Wyniki AMS oparte są na około 25 miliardach zdarzeń zarejestrowanych w okresie półtora roku, wśród których zaobserwowano 400 000 pozytonów o energiach pomiędzy 0.5 GeV a 350 GeV. To największa ilość antymaterii kiedykolwiek zaobserwowana w kosmosie. Zaobserwowano wzrost udziału pozytonów pomiędzy 10 GeV a 250 GeV. Równocześnie dane nie wskazują na jakikolwiek wyróżniony kierunek z którego przylatują, czy też zmiany w czasie. Obserwacje te są zgodne z hipotezą o pochodzeniu kosmicznych pozytonów z anihilacji ciemnej materii, jednak nie wystarczają do wykluczenia innych scenariuszy.
- Będąc najdokładniejszym jak dotąd pomiarem strumienia pozytonów w promieniowaniu kosmicznym, wyniki jednoznacznie świadczą o możliwościach detektora AMS - powiedział lider AMS Samuel Ting. - W ciągu najbliższych miesięcy AMS da nam ostateczną odpowiedz na pytanie czy pozytrony potwierdzają istnienie ciemnej materii, czy też pochodzą z innego źródła.
Promieniowanie kosmiczne to naładowane, wysokoenergetyczne cząstki przemierzające przestrzeń kosmiczną. Eksperyment AMS, umieszczony na Międzynarodowej Stacji Kosmicznej, został zaprojektowany aby badać promieniowanie kosmiczne zanim oddziała z atmosferą ziemską. Nadwyżka pozytonów w promieniowaniu kosmicznym została po raz pierwszy zaobserwowana około 20 lat temu. Jednak ich pochodzenie nadal pozostaje niewyjaśnione. Możliwe wytłumaczenie daje nam tzw. teoria supersymetryczna, przewidując, że pozytrony powstają podczas zderzenia i anihilacji dwóch cząstek ciemnej materii. Zakładając izotropowy rozkład ciemnej materii w kosmosie, teoria ta tłumaczyłaby obserwację dokonaną przez AMS. Niemniej, dotychczasowa obserwacja nie może wykluczyć innego wytłumaczenia, że pozytony pochodzą z pulsarów rozrzuconych wokół płaszczyzny galaktyki. Teorie supersymetryczne dodatkowo przewidują istnienie górnego obcięcia widma pozytonów związanego z zakresem masy cząstek ciemnej materii. Takie obcięcie nie zostało jak dotąd zaobserwowane. W ciągu nadchodzących lat eksperyment AMS planuje poprawić dokładność swoich pomiarów i wyjaśnić zachowanie się udziału pozytonów w zakresie energii powyżej 250 GeV.

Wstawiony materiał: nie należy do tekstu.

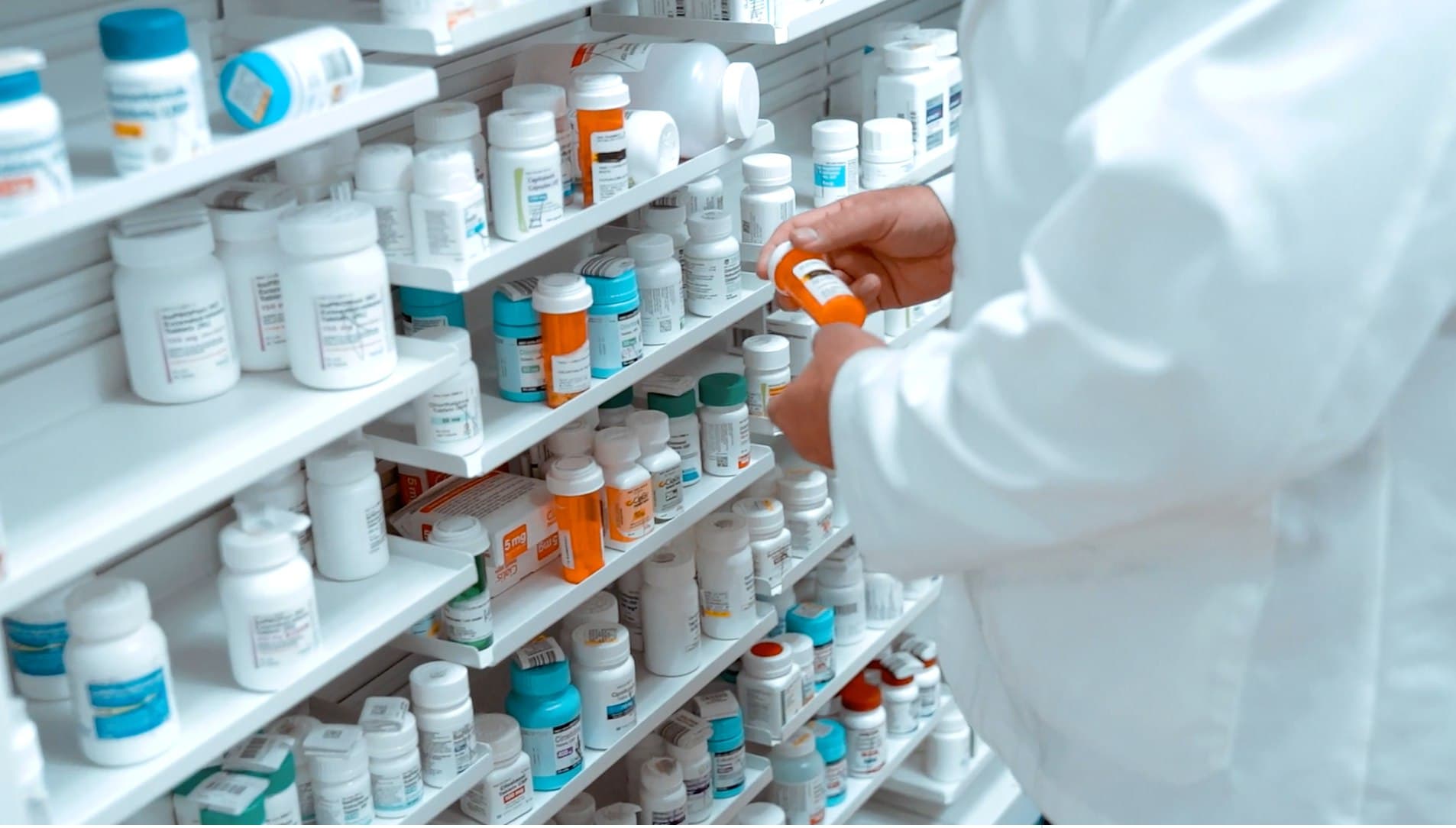 وەزیری تەندروستی: جووڵەی دەرمان لە دەروازەکانەوە تا دەگاتە دەستی نەخۆش کۆنترۆڵ دەکەین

- Stosując precyzyjny przyrząd pomiarowy do zupełnie nowych zjawisk, zwykle otrzymuje się wiele nowych wyników. Wierzymy, że to dopiero początek - powiedział prof. Ting. - AMS jest pierwszym urządzeniem pomiarowym zdolnym do zmierzenia strumienia pozytonów w kosmosie z dokładnością 1%. Taka dokładność pozwoli nam stwierdzić czy obserwowane pozytony pochodzą od ciemnej materii czy też z pulsarów.
Ciemna materia stanowi jedną z najważniejszych zagadek współczesnej fizyki. Odpowiadająca za ponad czwartą część masy wszechświata, może być obserwowana pośrednio dzięki oddziaływaniu z widzialną materią, ale jak dotąd nie została bezpośrednio wykryta. Poszukiwania ciemnej materii są prowadzone zarówno w kosmosie, jak w przypadku eksperymentu AMS, jak i na Ziemi na Wielkim Zderzaczu Hadronów oraz innych eksperymentach mieszczących się głęboko w podziemnych laboratoriach.
- Wynik ogłoszony przez AMS jest wspaniałym przykładem uzupełniania się eksperymentów na Ziemi i w kosmosie - powiedział dyrektor naczelny CERN Rolf Heuer. - Myślę, że dzięki takiej współpracy możemy się spodziewać rozwiązania zagadki ciemnej materii w ciągu następnych kilku lat.